Constant Buffer Convention

Shader parameters are passed through a constant buffer at register(b0). Two layouts are used:

ParamsCB — 9 × uint32 (36 bytes max):

cbuffer Params : register(b0) {
    uint u1, u2, u3, u4, u5, u6, u7, u8, u9;
};

Each shader interprets these fields differently (e.g., M/K/N/flags for matmul, batch/inC/inH/inW/kH/stride/padding/outH/outW for im2col).

SGDParamsCB — 16 bytes:

cbuffer Params : register(b0) {
    uint count; float lr; float clip; uint pad;
};

nn_engine.py — The Python Autograd Framework

Tensor

Wraps a NumPy array + a GPU buffer handle
requires_grad=True enables gradient tracking
track=True registers for bulk cleanup via release_all_buffers()
.sync() reads GPU data back to CPU (triggers D3D11 Flush())
.backward() builds topological order and runs backward pass

Autograd

Each differentiable operation is a Function subclass with forward() and backward() methods. The forward pass stores self.inputs and attaches res._ctx = self to the output tensor. The backward pass receives grad_output and calls input._accumulate_grad(grad).

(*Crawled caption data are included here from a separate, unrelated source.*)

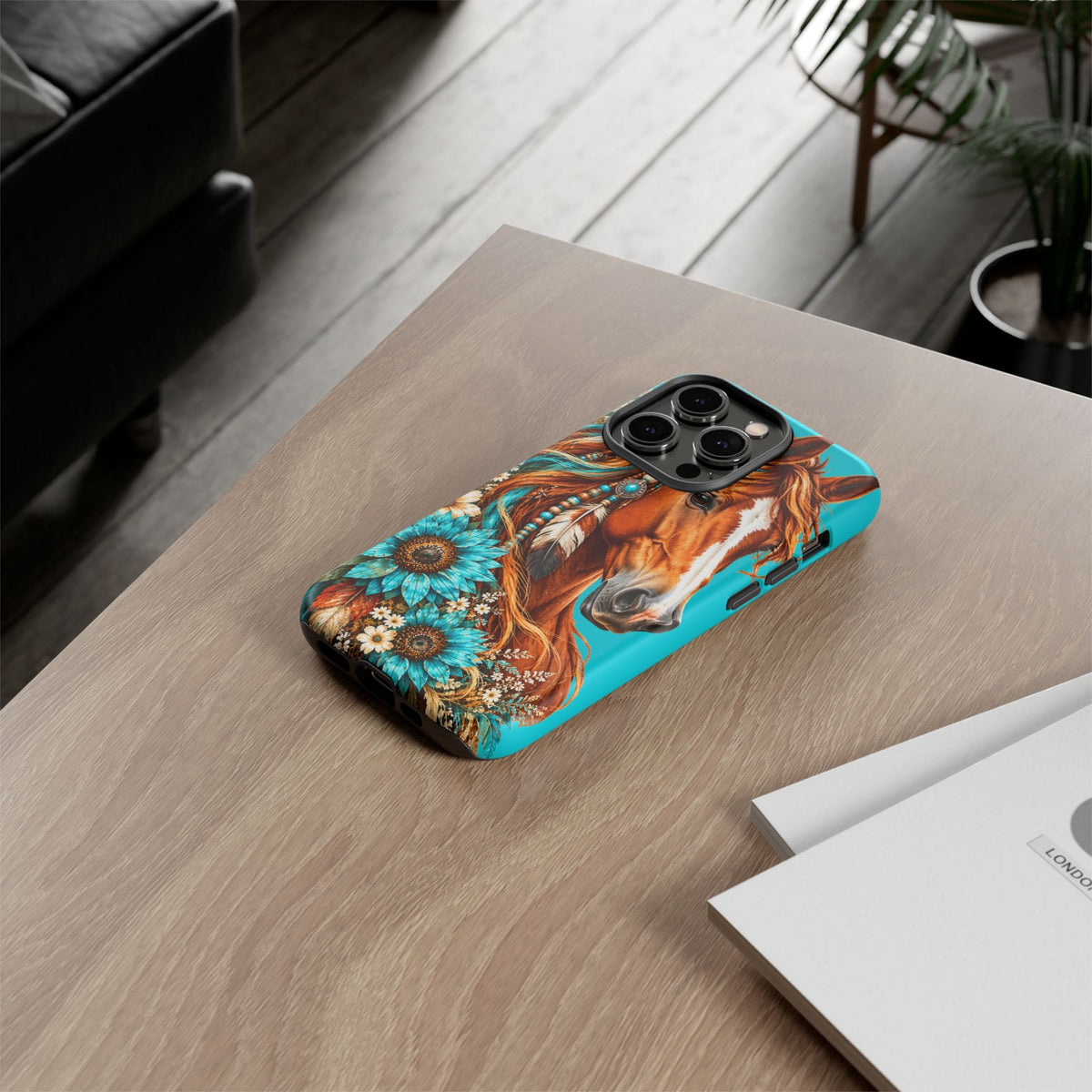 Turquoise Sunflower Horse Phone Case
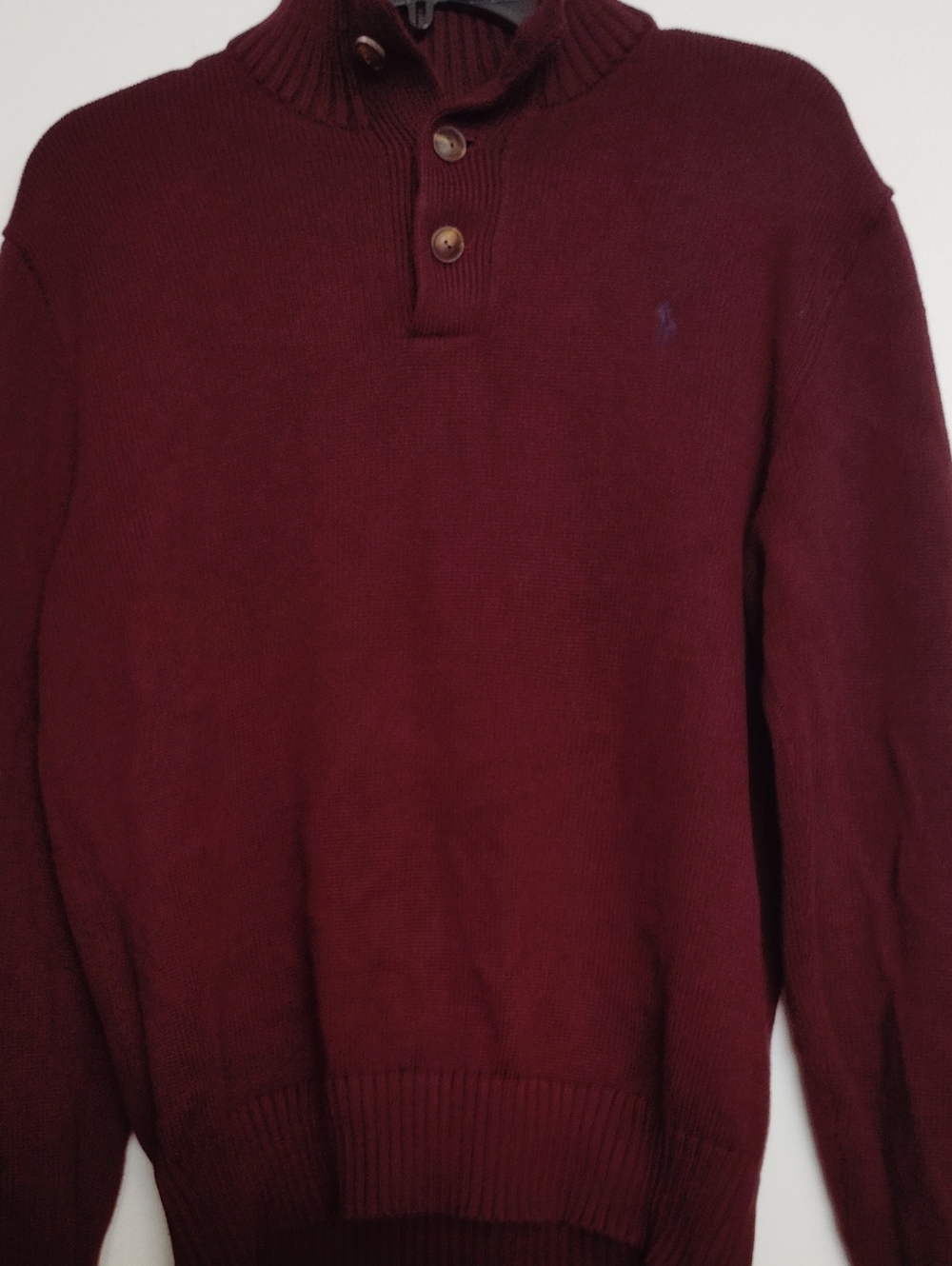 Polo by Ralph Lauren Men's Burgundy Zip/Quarter-Button Sweater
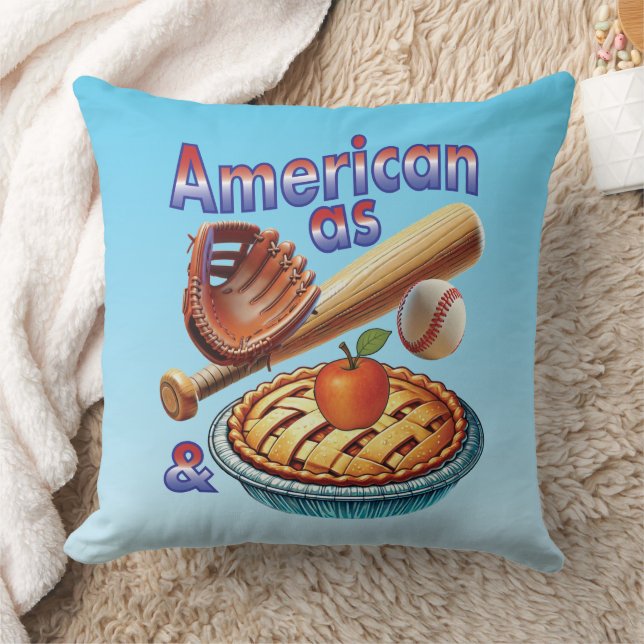 Roligt amerikansk som basket och Apple Paj Kudde (Filt)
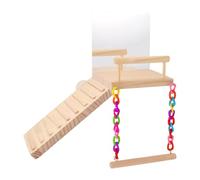 Bird Perch Stand Wooden Bird Swing with Mirror Cage Accessories and Toy for Large Parakeets Budgies Finches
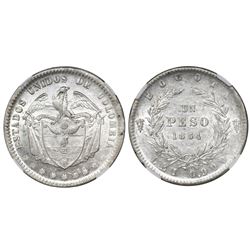 Bogota, Colombia, 1 peso, 1864, NGC UNC details / surface hairlines.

Gradient accumulation uses the grad_accum shader to add in-place on GPU when a tensor receives gradients from multiple paths.

Convolution: The im2col Approach

Convolutions are implemented via the im2col transformation, which converts convolution into matrix multiplication:

Forward:

input → [im2col] → col_matrix → [matmul] filters × col_matrix → [conv_reshape] → output

im2col shader extracts patches into a (inC*kH*kW) × (batch*outH*outW) matrix
matmul computes filters(outC × inC*kH*kW) × col_matrix → (outC × batch*outH*outW)
conv_reshape adds bias and reshapes to (batch, outC, outH, outW)

Backward:

grad_output → [conv_grad_reshape] → grad_reshaped (outC × batch*outH*outW)

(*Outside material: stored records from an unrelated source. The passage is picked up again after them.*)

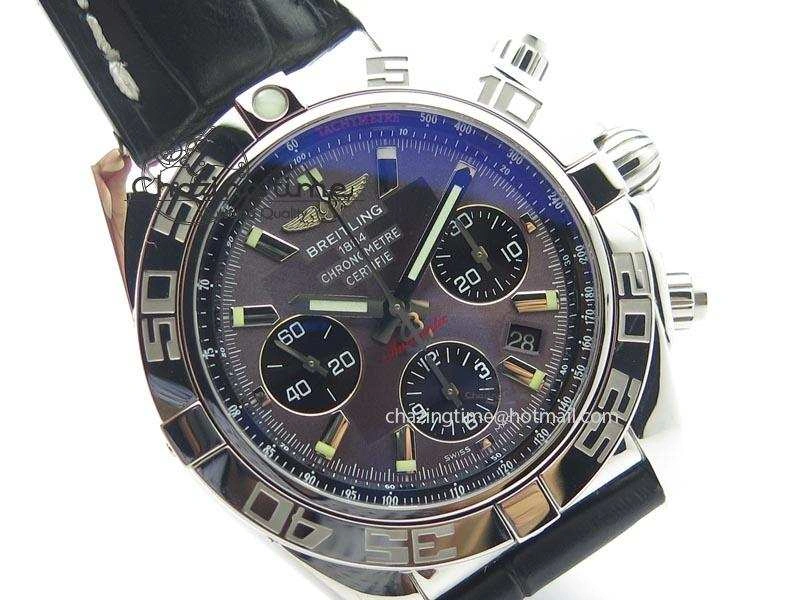 Chronomat B01 Chrono SS JF 1:1 Best Edition Gray Dial On Black Leather Strap A Sustainable 5775
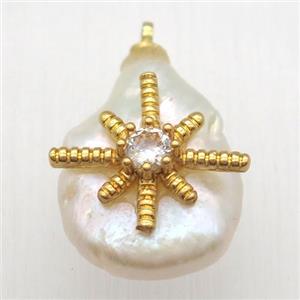 Natural pearl pendant with zircon, approx 18mm dia [GM13064]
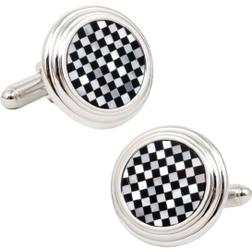 Cufflinks Inc Checker Step Cufflinks - Silver/Black/White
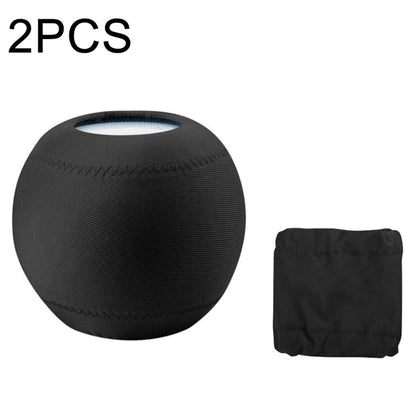 2 PCS For Homepod Mini Smart Speaker Dust Cover Stretch Cloth Audio Protection Cover(Black) - Protective Case by PMC Jewellery | Online Shopping South Africa | PMC Jewellery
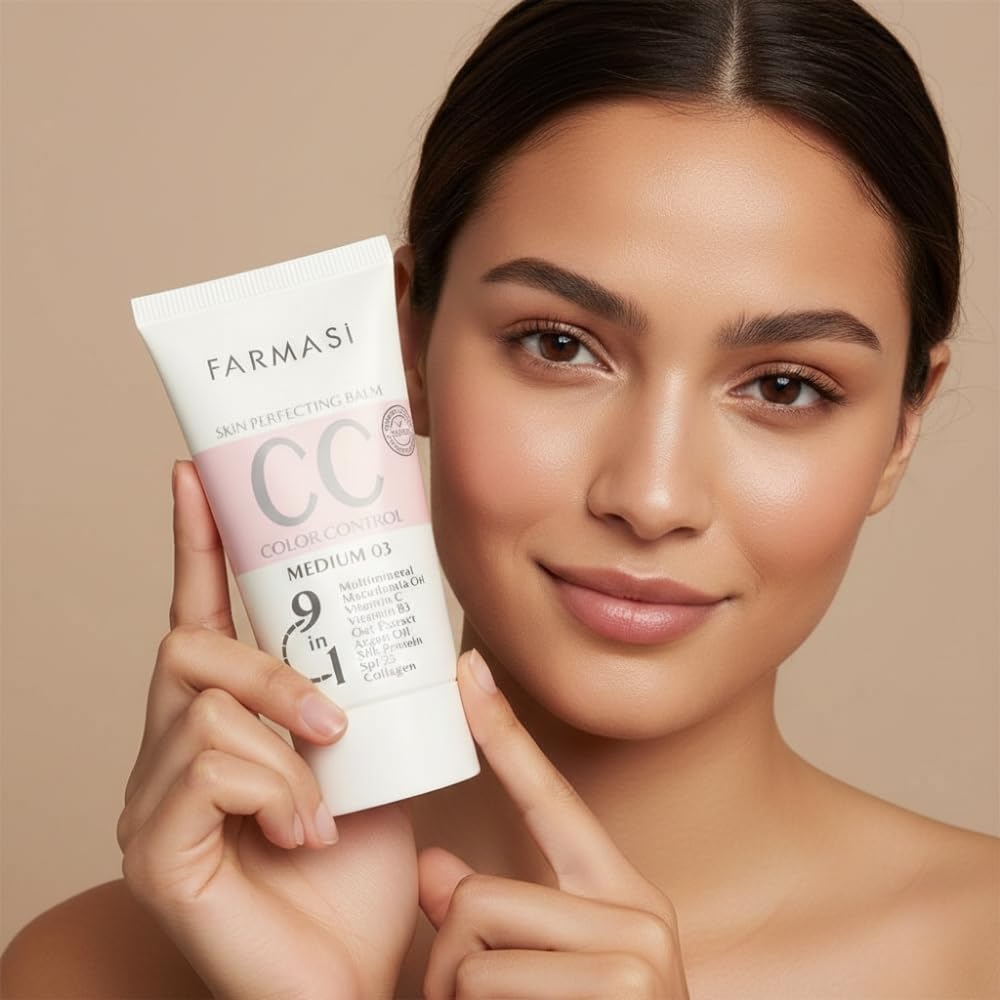 Farmasi 9-in-1 CC cream packaging showing SPF 25 label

Filter gradients:   grad_reshaped × im2col_matrix^T  (reuses saved im2col from forward)
Input gradients:    filters^T × grad_reshaped → [col2im] → grad_input
Bias gradients:     sum over spatial dims of grad_reshaped

The transpose operations use the matmul flags parameter instead of explicit transpose shaders.

HLSL Shader Reference

Matmul Shaders

Shader	Tile Size	Description
`nn_matmul_universal.hlsl`	16×16	Tiled matmul with transpose flags. Used for small matrices (M or N < 128)
`nn_matmul_coarsened.hlsl`	64×64, 4×4 WPT	Coarsened tiled matmul. 16×16 thread groups, each thread computes a 4×4 output block. Used for large matrices

Both shaders share the same constant buffer: {M, K, N, flags} where:

flags & 1 → transpose A (read A as column-major)
flags & 2 → transpose B (read B as column-major)

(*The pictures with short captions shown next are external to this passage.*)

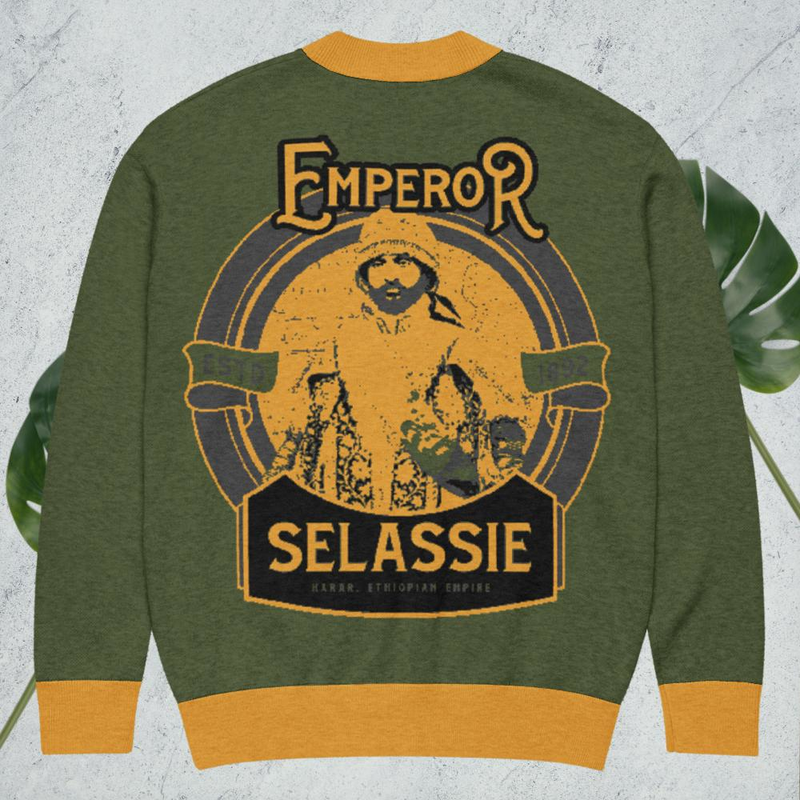Lion of Judah Haile Selassie Knitted cardigan – L, Custom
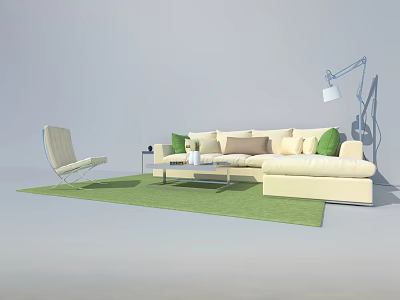 Modern Beige Sofa Coffee Table Set With Green Cushions White Armchair And Green Rug 3d model
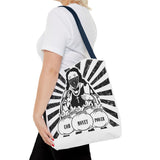 Iconic Madonna Tote Bag — 'God Money Power' Graphic All-Over Print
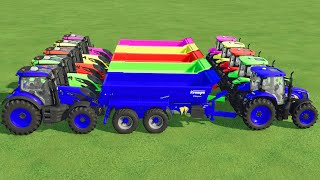 TRANSPORT JDEERE amp JCB amp CLASS amp MCCORMICK TRACTORS  CANOLA HARVEST w FLATBED TRAILER  FS 22 04 [upl. by Annua49]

The Python helper _run_mm() automatically selects the shader based on matrix dimensions (threshold: 128).

Convolution Shaders

Shader	Purpose
`nn_im2col.hlsl`	Extracts image patches into column matrix for convolution
`nn_col2im.hlsl`	Scatters column matrix back to image format (backward pass)
`nn_conv_reshape.hlsl`	Reshapes matmul output to (batch, C, H, W) + adds bias
`nn_conv_grad_reshape.hlsl`	Reshapes (batch, C, H, W) gradient to matrix form for backward matmul

Activation / Loss Shaders

Shader	Purpose
`nn_relu.hlsl`	ReLU forward: `max(0, x)`
`nn_relu_grad.hlsl`	ReLU backward: `grad * (x > 0)`
`nn_softmax.hlsl`	Numerically stable softmax (per-row max subtraction)
`nn_softmax_ce_grad.hlsl`	Combined softmax + cross-entropy gradient: `softmax - one_hot`
`nn_loss.hlsl`	Cross-entropy loss computation

Pooling Shaders

Shader	Purpose
`nn_maxpool_forward.hlsl`	Max pooling with index tracking (stores argmax for backward)
`nn_maxpool_backward.hlsl`	Scatter gradients to max positions using saved indices

Utility Shaders

Shader	Purpose
`nn_add_bias.hlsl`	Adds bias vector to each row: `out[i] = A[i] + B[i % cols]`
`nn_bias_grad.hlsl`	Sum-reduces rows to compute bias gradient
`nn_sgd.hlsl`	SGD update: `param -= lr * clamp(grad, -clip, clip)`
`nn_grad_accum.hlsl`	In-place gradient accumulation: `accum += grad`

Legacy / Unused Shaders

These exist in the repo but are not used by the current engine — the im2col approach replaced them:

Shader	Note
`nn_conv_forward.hlsl`	Direct convolution (replaced by im2col + matmul)
`nn_conv_forward_tiled.hlsl`	Tiled direct convolution (replaced)
`nn_conv_backprop_filters.hlsl`	Direct filter gradient (replaced by matmul transpose)
`nn_conv_backprop_filters_tiled.hlsl`	Tiled version (still compiled but unused by im2col path)
`nn_conv_backprop_input.hlsl`	Direct input gradient (replaced by matmul transpose + col2im)
`nn_conv_backprop_input_fused.hlsl`	Fused version (still compiled but unused)
`nn_conv_reduce_filters.hlsl`	Filter gradient reduction (unused)
`nn_matmul.hlsl`	Original matmul without transpose (superseded by universal)
`nn_matmul_transpose_a.hlsl`	Dedicated transpose-A matmul (superseded by flags)
`nn_matmul_transpose_b.hlsl`	Dedicated transpose-B matmul (superseded by flags)

Optimizations

Constant Buffer Caching

The engine reuses a single D3D11_USAGE_DYNAMIC constant buffer across all dispatches via MAP_WRITE_DISCARD. This avoids creating and destroying a CB per shader call. The cache grows if a larger CB is needed but never shrinks.

Adaptive Matmul Selection

_COARSEN_THRESHOLD = 128
if M >= 128 and N >= 128:
    use nn_matmul_coarsened   # 64×64 tiles, 4×4 work-per-thread
else:
    use nn_matmul_universal   # 16×16 tiles, 1×1 work-per-thread

The coarsened shader is ~2× faster for large matrices but has tile overhead that hurts small ones (like LeNet's 84×10 FC layer).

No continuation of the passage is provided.